# [SOLVED] Find the first TWO non-negative asymptotes and the first negative asymptote

• Mar 26th 2009, 11:45 AM
lsnyder
[SOLVED] Find the first TWO non-negative asymptotes and the first negative asymptote
Find the first TWO non-negative asymptotes and the first negative asymptote of the graph of https://webwork.uncc.edu/webwork2_fi...22b824af51.png in radians

smallest non-negative asymptote: https://webwork.uncc.edu/webwork2_fi...9019052b81.png

second non-negative asymptote: https://webwork.uncc.edu/webwork2_fi...9019052b81.png
first negative asymptote: https://webwork.uncc.edu/webwork2_fi...9019052b81.png

okay, i know the first one is pi/5

but the other two i do not know how to find. can some one please help me?

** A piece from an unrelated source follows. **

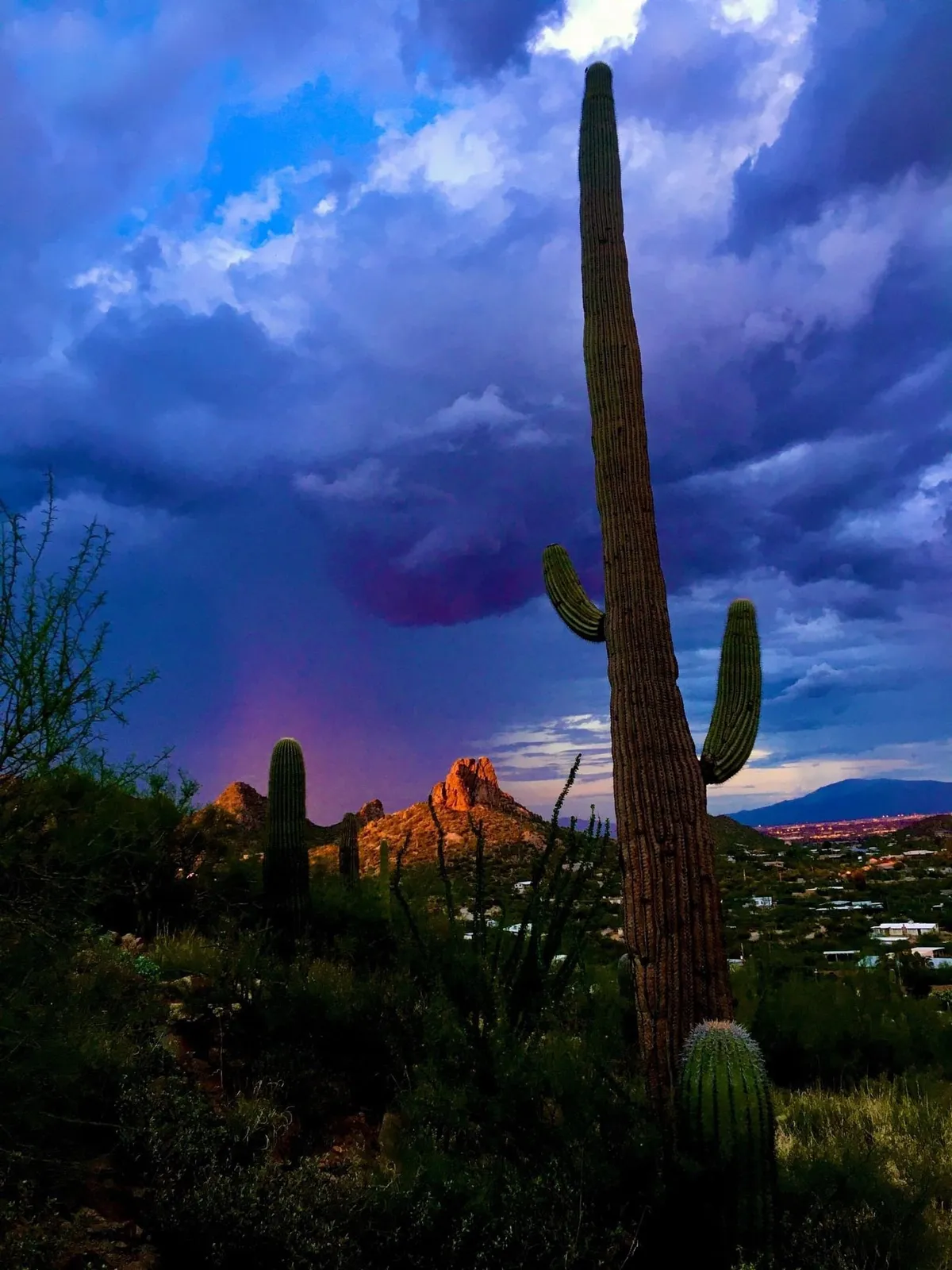 A tranquil exterior landscape featuring tall cacti in the foreground, a dramatic mountain silhouette against the horizon, and colorful clouds drifting in the sunset sky. The scene evokes a sense of peace and seclusion amid natural beauty.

but i keep thinkin the other two answers are x=+-(pi/10). (which is wrong)
• Mar 26th 2009, 02:54 PM
sinewave85
Quote:

Originally Posted by lsnyder
Find the first TWO non-negative asymptotes and the first negative asymptote of the graph of https://webwork.uncc.edu/webwork2_fi...22b824af51.png in radians

smallest non-negative asymptote: https://webwork.uncc.edu/webwork2_fi...9019052b81.png

second non-negative asymptote: https://webwork.uncc.edu/webwork2_fi...9019052b81.png
first negative asymptote: https://webwork.uncc.edu/webwork2_fi...9019052b81.png

okay, i know the first one is pi/5

but the other two i do not know how to find. can some one please help me?

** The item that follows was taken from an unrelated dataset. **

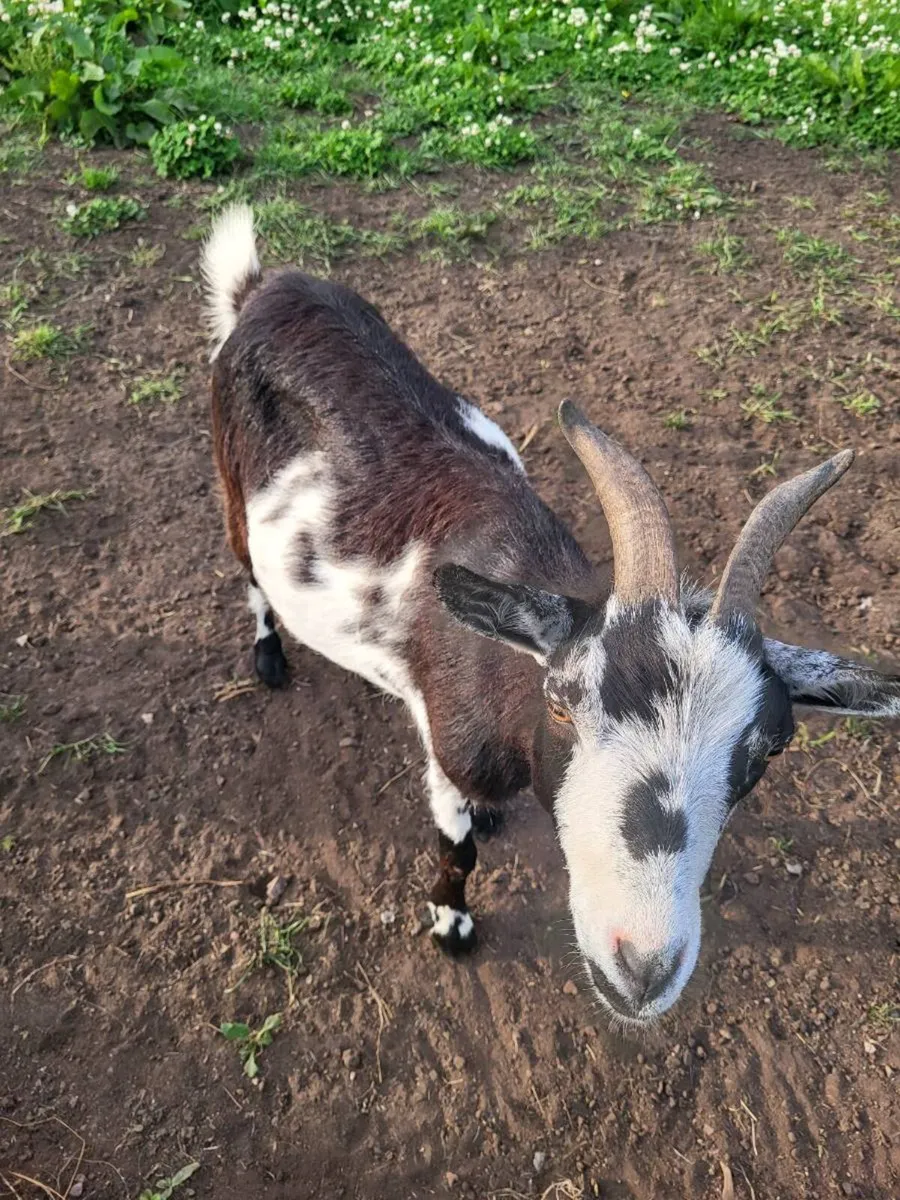 2 female pygmy goats - Image 3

but i keep thinkin the other two answers are x=+-(pi/10). (which is wrong)

Hi, Isnyder. The trick to this is to realize that what you are doing is simply solving for those values of x that make cot undefined (they cause division by 0): $-\pi, -\frac{\pi}{2}, 0, \frac{\pi}{2}, \pi$

Let $\cot\left(x - \frac{\pi}{5}\right) = \cot{\theta}$ so that $x - \frac{\pi}{5} = \theta$

So the first non-negative asymptote is at $\frac{\pi}{5}$ as you guessed:

$x - \frac{\pi}{5} = 0$

$x = \frac{\pi}{5}$

And the second non-negative asymptote:

$x - \frac{\pi}{5} = \frac{\pi}{2}$

$x = \frac{\pi}{2} + \frac{\pi}{5} = \frac{2\pi + 5\pi}{10} = \frac{7\pi}{10}$

Lastly, the first negative asymptote:

$x - \frac{\pi}{5} = -\frac{\pi}{2}$

$x = -\frac{\pi}{2} + \frac{\pi}{5} = \frac{-3\pi}{10}$
• Mar 26th 2009, 03:06 PM
lsnyder
actually the last two answers are 6pi/5 and -4pi/5.

because you add pi instead of pi/2. because the pi is smaller.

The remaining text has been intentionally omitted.